Sunday was a quiet day in Paris. The morning was rather gray – it rained hard early in the morning. Again it has become my habit to wake up much earlier than Len, and I read quietly in the living area while he dozed.
The clouds were still low and gray when he woke up, but we headed out anyway, and visited L’Orangerie museum, near the Tuileries and the Louvre.
I haven’t mentioned the Tuileries or the Louvre in this blog, I guess – we went through the both during our last visit to Paris a few years ago. The Louvre was at one time the royal palace of the French kings – think Louis XIV, a.k.a. The Sun King. He loved the best of the best in life, and the beauty of the building and all the wonderful art he collected and that had since been collected inside the Louvre reflects that. I saw the Mona Lisa in the Louvre, for example, and much more.

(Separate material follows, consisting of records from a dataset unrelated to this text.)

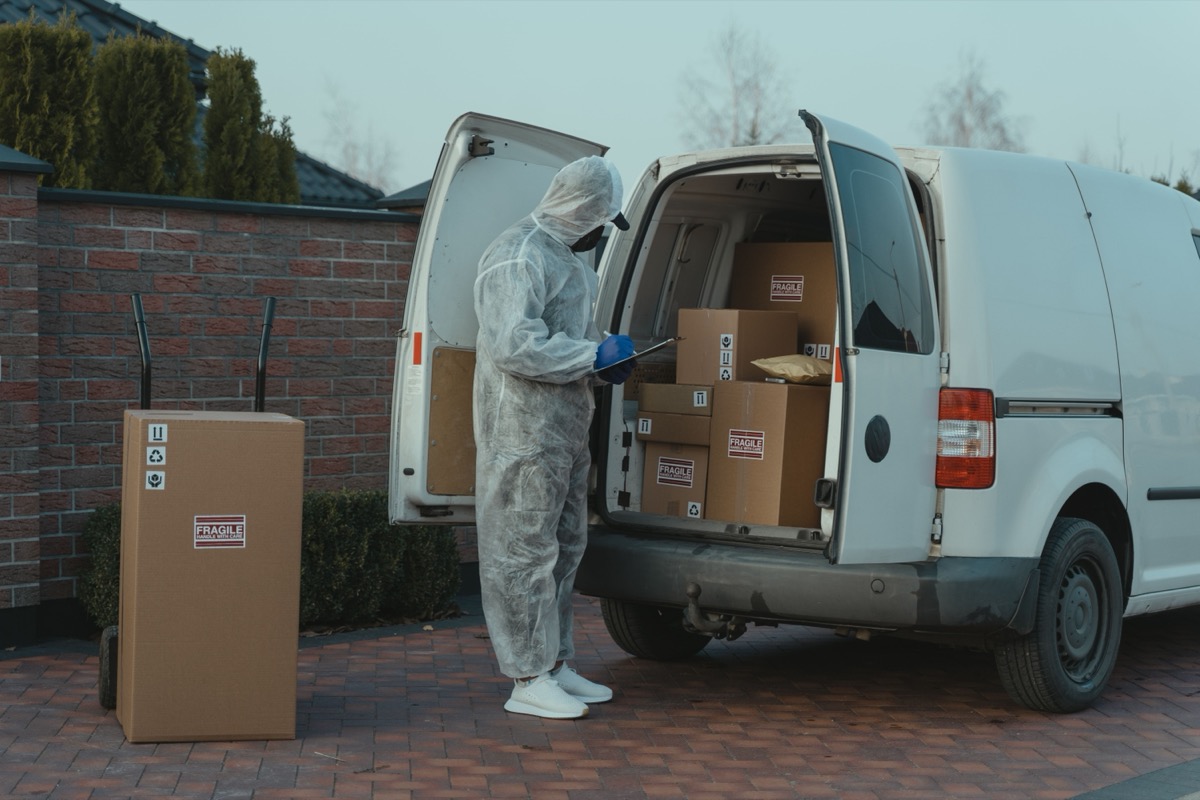 Warehouse worker checking outgoing packages during a dispatch operation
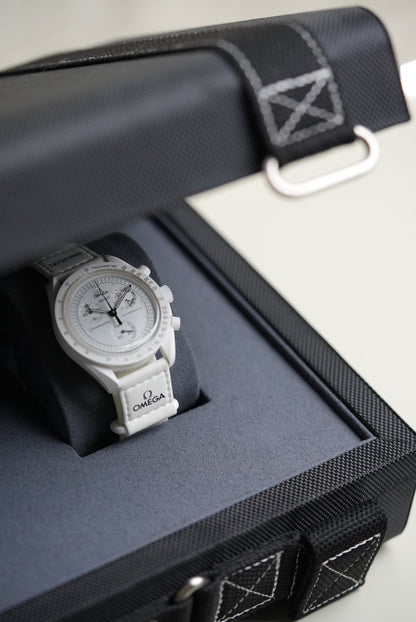 Luxury watch in a black display case on a white background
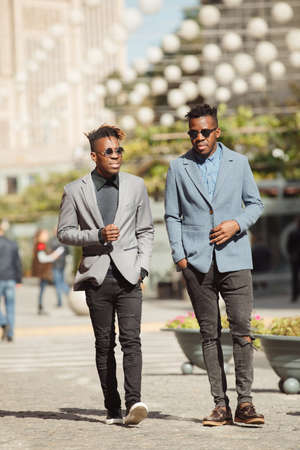 Two young african businessmen friends walking and talking on the city streetの写真素材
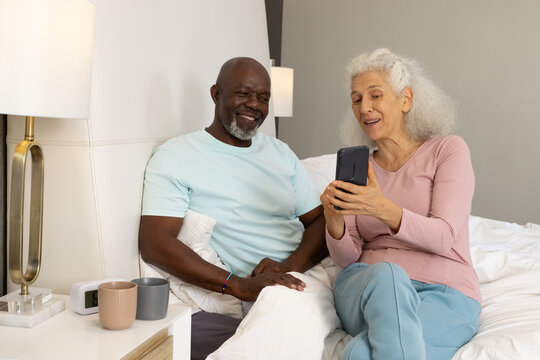 Showing diverse senior couple looking at smartphone on bed in bedroom, with lamp on bedside table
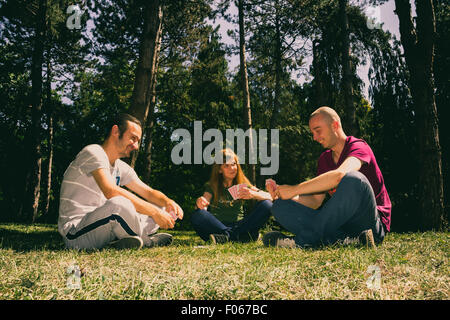 Drei Freunde, die Spaß von Spielkarten im Wald Stockfoto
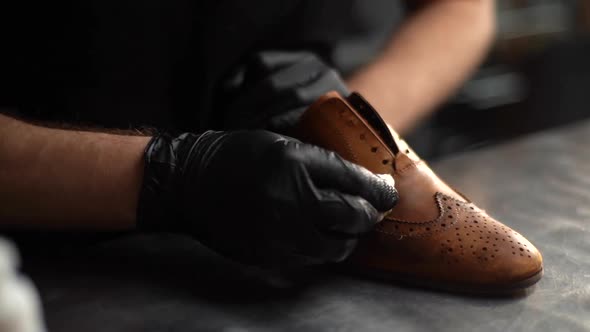 Close-up of unrecognizable shoemaker in black latex gloves polishing old light brown leather shoes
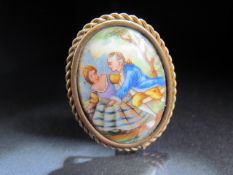 Limoges porcelain brooch mounted in Pinchbeck twist frame.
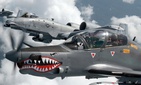 A Colombian Air Force A-29B Super Tucano flies alongside two U.S. Air Force A-10s during Exercise Green Flag East August 2016. A Colombian Air Force A-29B Super Tucano flies alongside two U.S. Air Force A-10s during Exercise Green Flag East August 2016.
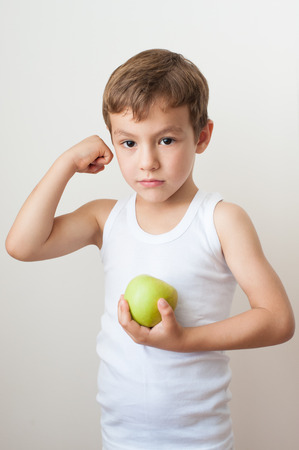 kid child muscles showing strength training apple boyの写真素材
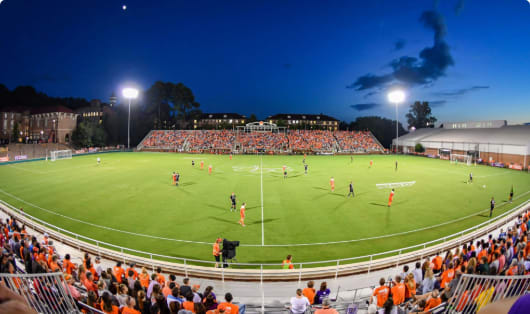 Athletes on a field and a bench with fans as a soccer game is being played.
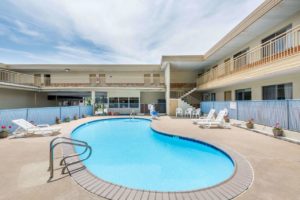 Exterior pool with concrete poolside, pool loungers, ADA pool lift, flowering plants in containers, pool safety fence,two story building with exterior walkways, stairs and room entrances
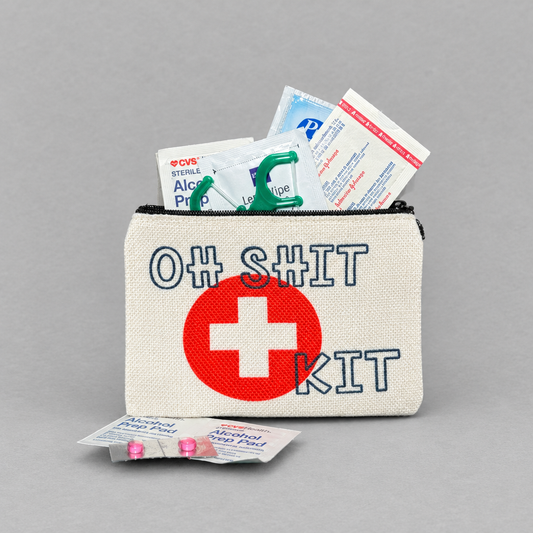 Impish Greetings linen mini zipper bag with Oh Shit Kit text and red medical cross, filled with emergency supplies.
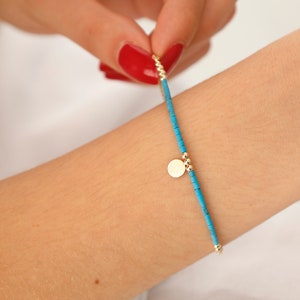 May include: A turquoise beaded bracelet with a gold charm. The bracelet is on a person's wrist.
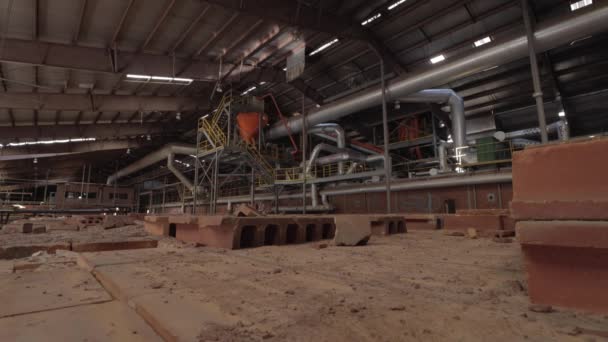 Slider Footage of Machinery and Furnaces in an Abandoned Brick Factory with Dusty Bricks in the Foreground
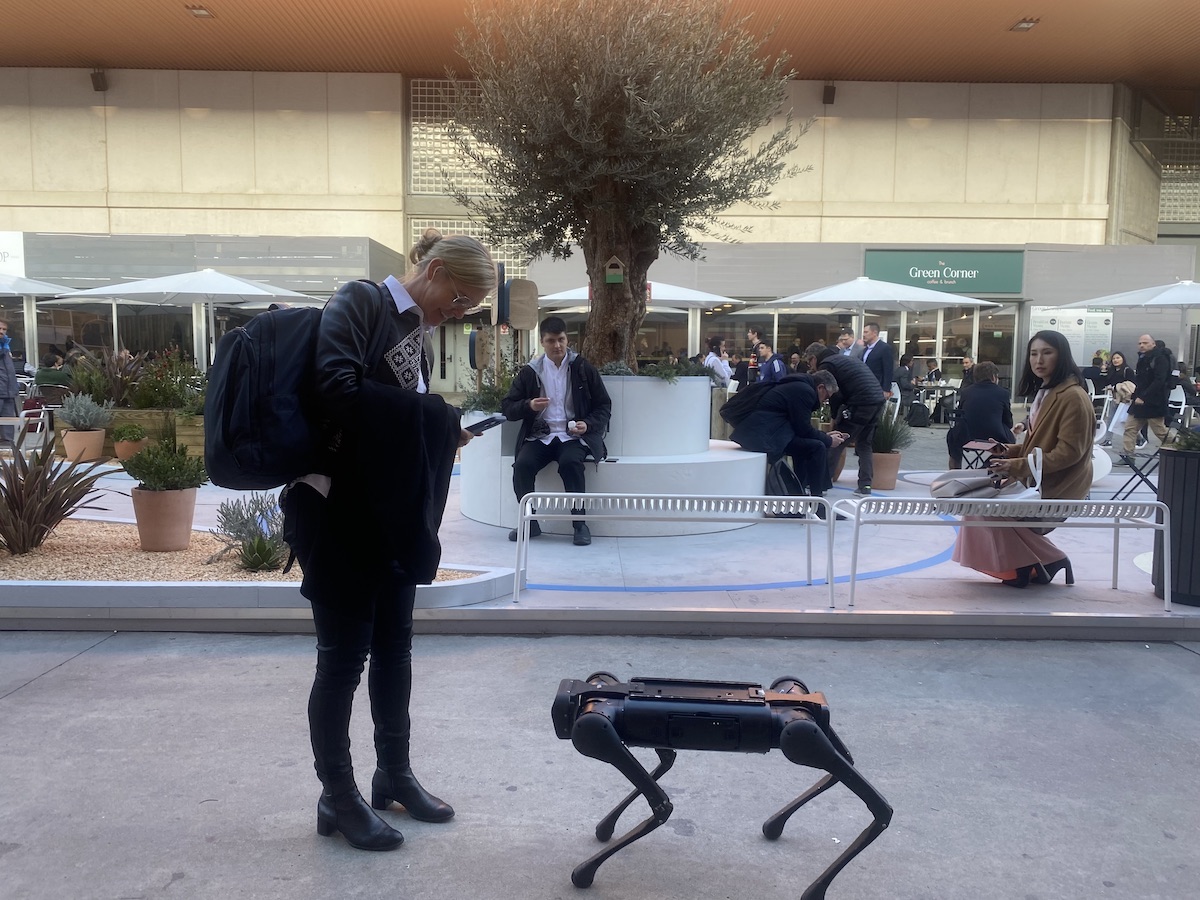 A visitor to Mobile World Congress says hello to a robot dog. (Source: Light Reading)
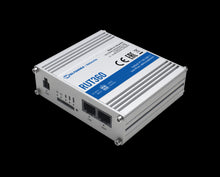 Load image into Gallery viewer, Teltonika Industrial IoT WiFi, 4G LTE Cat 6 cellular module, offering data speeds up to 300 Mbps, 802.11 b/g/n, 2x2 MIMO, 1x WAN/LAN Port, SIM, 2x SMA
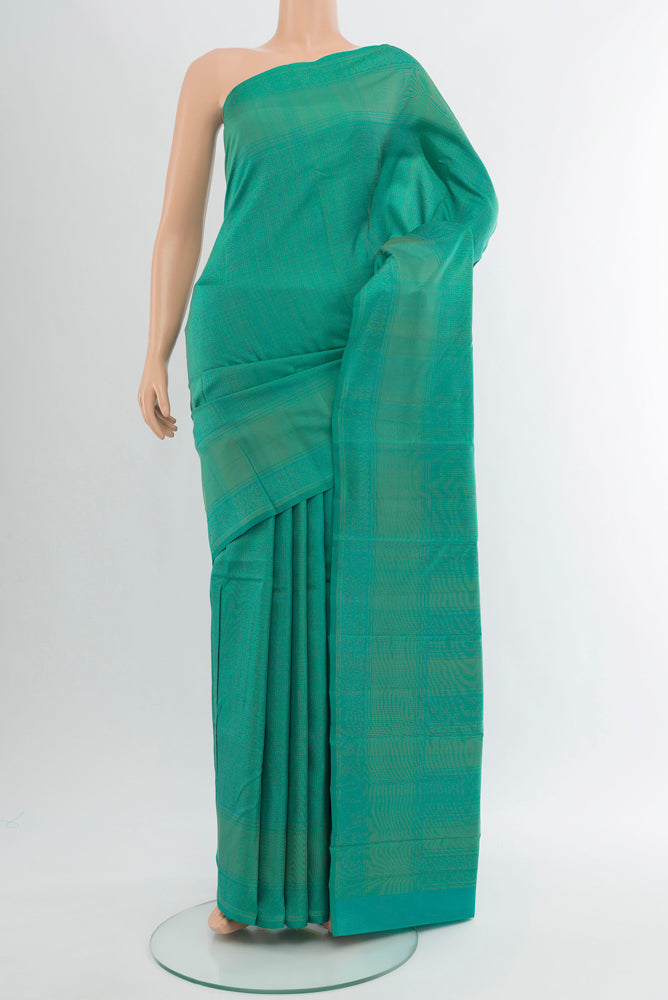 Peacock Blue Soft Silk Saree with Zari Butta on the body and Silk Border.  displayed on a mannequin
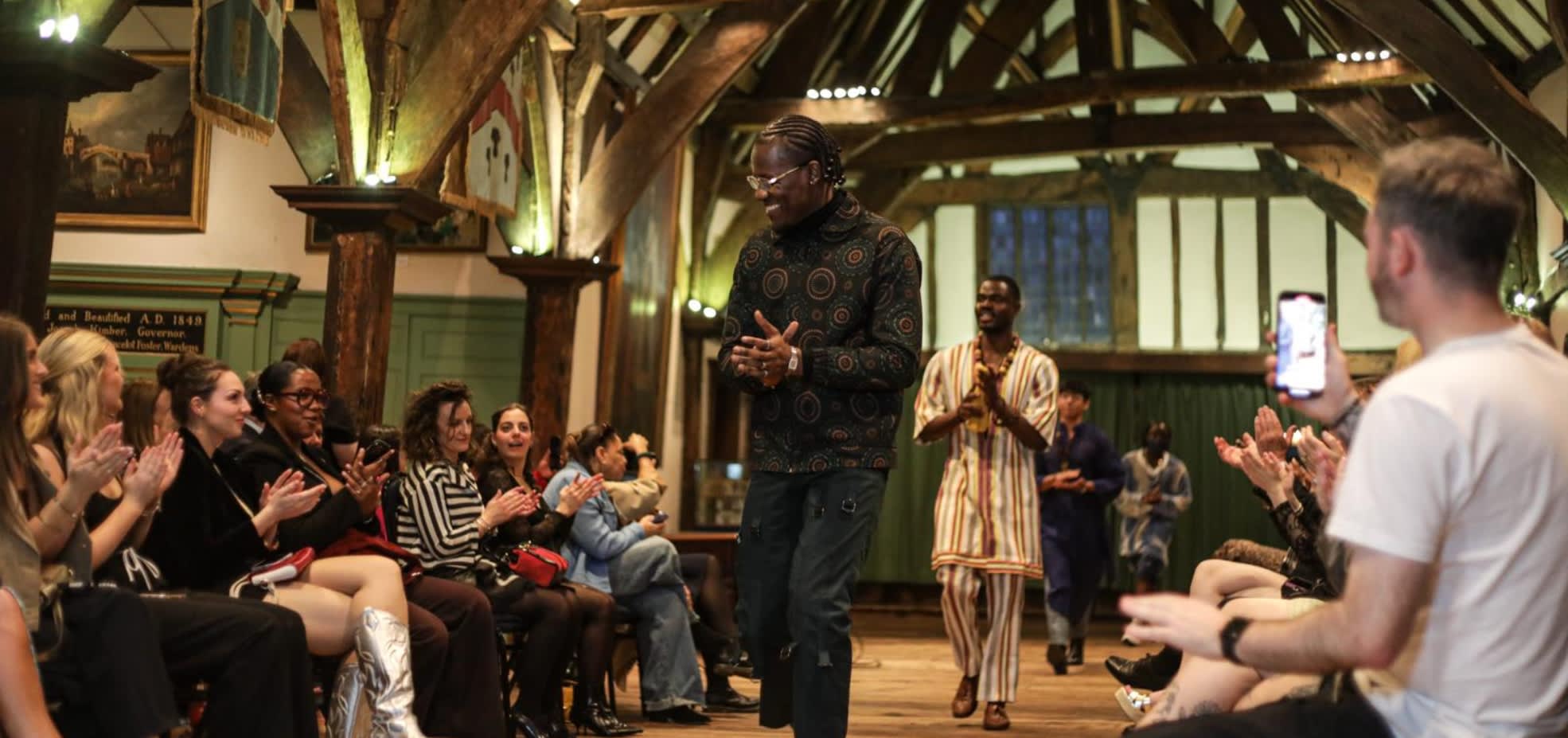 Seguntuyi Onakoya walks down a runway at Ferens Art Gallery whilst the audience claps. He smiles at the onlookers and a male model follows him on the runway.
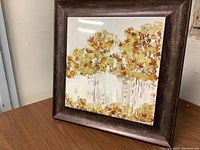 Front view of framed ceramic tile artwork showing birch trees with autumn foliage colors and artist signature.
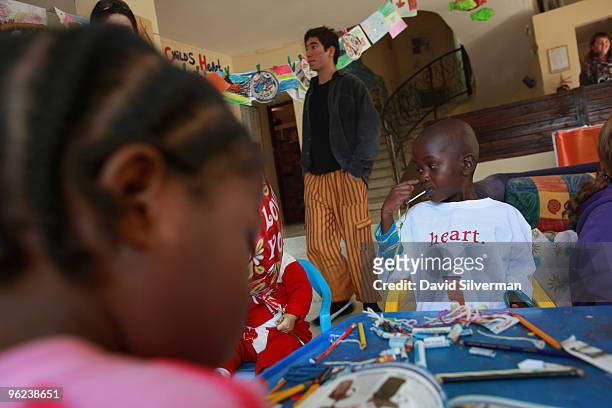Haitian boy Woodley Elysee takes in his new surroundings at the Save A Child's Heart home shortly after his arrival on January 28, 2010 in Azur, near...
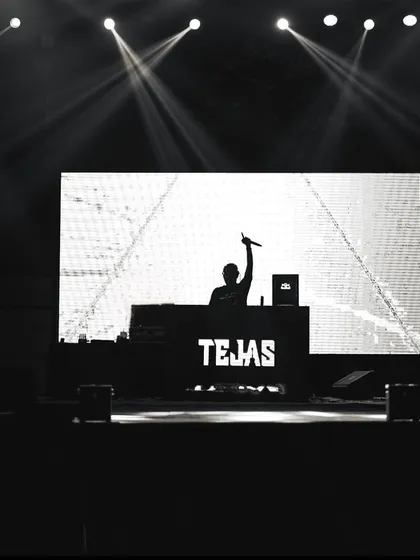 A silhouette of me on stage in Patna, with my name lit up on the DJ console.
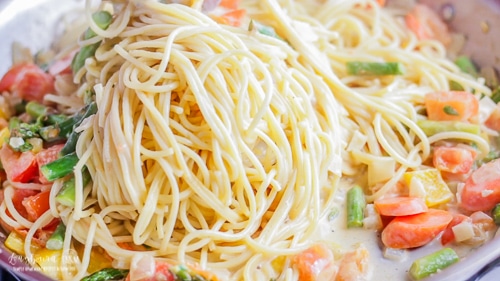 Adding pasta to pasta primavera recipe.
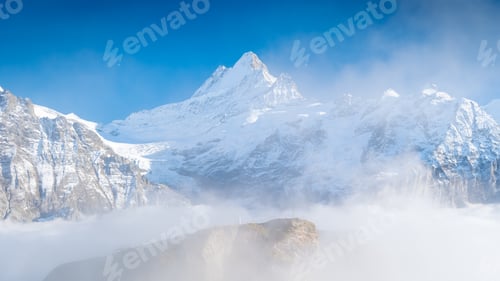 Preview: Nature. High mountain peaks above the clouds. Low clouds in the mountain valley.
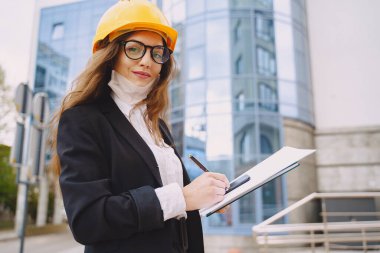 Arkasında inşaat alanı olan kadın mimar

And what can I say about the Tuileries? It was the royal garden of Louis XIV, and bien sur, it is large and filled to the brim with roses, fountains, trees, shrubberies and topiary. The French love their gardens to hold an abundance of fragrance and color, a cacophony of beauty that is envisioned, planned achieved and maintained, like a piece of fine art or sculpture. They come to this place often, to sit quietly on one of the park benches and read a book, or talk to a companion, or just to be with nature in the middle of the city. In the midst of Paris, here is this marvellous garden that reflects the French aesthetic mirrored in any Renoir, any da Vinci.
The Orangerie was also very worthwhile. It contains many Renoir, Gauguin, Van Gogh. When we walked into the first room, I caught my breath: Each of the large, white walls of the room displayed a wall-size iteration of Monet’s water lilies. You may know that Monet had a home in Giverney, in the French countryside, and there, he tried to understand the subtle nuances of light and color as it changed natural scenes on his estate from season to season, and from time of day to time of day. So, he painted a number of versions of a large bale of hay, for instance – and I saw several of these in an exhibit that went through Houston about 10 years ago. Each beautiful – pale in snow in the winter, warm and golden in late summer sunshine.
But Monet’s waterlilies really became internationally famous – placid, elegant, and sometimes mysterious. And here were four, wall-sized paintings of the lilies, surrounding and engulfing me. I have seen the lilies when the pond is a rich shade of sapphire, catching the waning rays of a July afternoon and reflecting the green branches of trees overhead in its depth. And I have seen the lilies floating in water that is more like a mirror, a silvery gray and absolutely still, as if they are floating in time, during that brief space of dawn after the darkness of night and before the full sun of day. An amazing moment.
Early Monday morning we packed up our bags, pulled them out to the Taxi queue on the street, and headed back to de Gaulle airport, where we caught a flight to Marseille in southern France. There, we picked up our rental, silver BMW (with automatic transmission!), and headed off to the next phase of our adventure – Provence.